CBOR – Concise Binary Object Representation

camgunz · on Aug 4, 2019

CBOR is MessagePack. At least cbor-ruby started with the MessagePack sources. The story is that Carsten took MessagePack, wrote a standard and added some things he wanted, and called it something else.

I wrote [1] a pretty comprehensive (and admittedly biased) critique of the CBOR standard years ago.

[1] https://news.ycombinator.com/item?id=14072598

Disclaimer: I wrote and maintain a MessagePack implementation.

ucarion · on Aug 4, 2019

Indeed, the RFC says so directly:

   CBOR was inspired by MessagePack.  MessagePack was developed and
   promoted by Sadayuki Furuhashi ("frsyuki").  This reference to
   MessagePack is solely for attribution; CBOR is not intended as a
   version of or replacement for MessagePack, as it has different design
   goals and requirements.

I fail to see what is wrong with having both CBOR and MessagePack, or with trying to bring a MessagePack-like thing to the IETF, if MessagePack's design (lack of extension points, etc.) was problematic for enabling future applications.

Also: CBOR is not one person. The CBOR working group, and the IETF in general, put forward the spec. If you object to how the process went down, your quarrel likely lies with IETF, not any individual.

camgunz · on Aug 4, 2019

CBOR isn't merely _inspired_ by MessagePack. cbor-ruby forked a Ruby MessagePack implementation. Its format is conceptually and fundamentally the same.

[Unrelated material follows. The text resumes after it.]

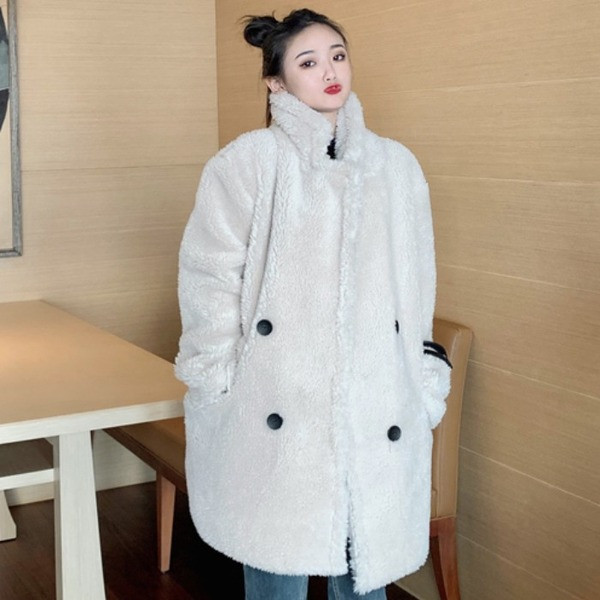 Modern női hosszú kabát gombokkal és zsebbel fehér, rózsaszín és zöld színben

As for the rest of the process, that HN post I linked to has a basket of links at the end which are a good summary of what happened. I still (as I wrote before) won't characterize events, I think people should make up their own mind about it. But I think it's not biasing to reiterate:

> At least cbor-ruby started with the MessagePack sources. The story is that Carsten took MessagePack, wrote a standard and added some things he wanted, and called it something else.

PopeDotNinja · on Aug 4, 2019

In your opinion, what's the value of MessagePack? I worked with it when writing some Fluentd tools, and it was neat, but I didn't love it enough to switch from JSON on other projects. Maybe there's a killer feature I didn't know I need?

Mordak · on Aug 4, 2019

At my work we recently went through a large exercise to decide on a common data storage format. The contenders were JSON, MessagePack, and Avro. MessagePack won because:

- Msgpack serialization and deserialization is very fast in many languages - often 100x faster then JSON

- Msgpack natively supports encoding binary data

- Msgpack has type extensions, making it trivial to represent common types in an efficient way (eg. IPv4 address, timestamps)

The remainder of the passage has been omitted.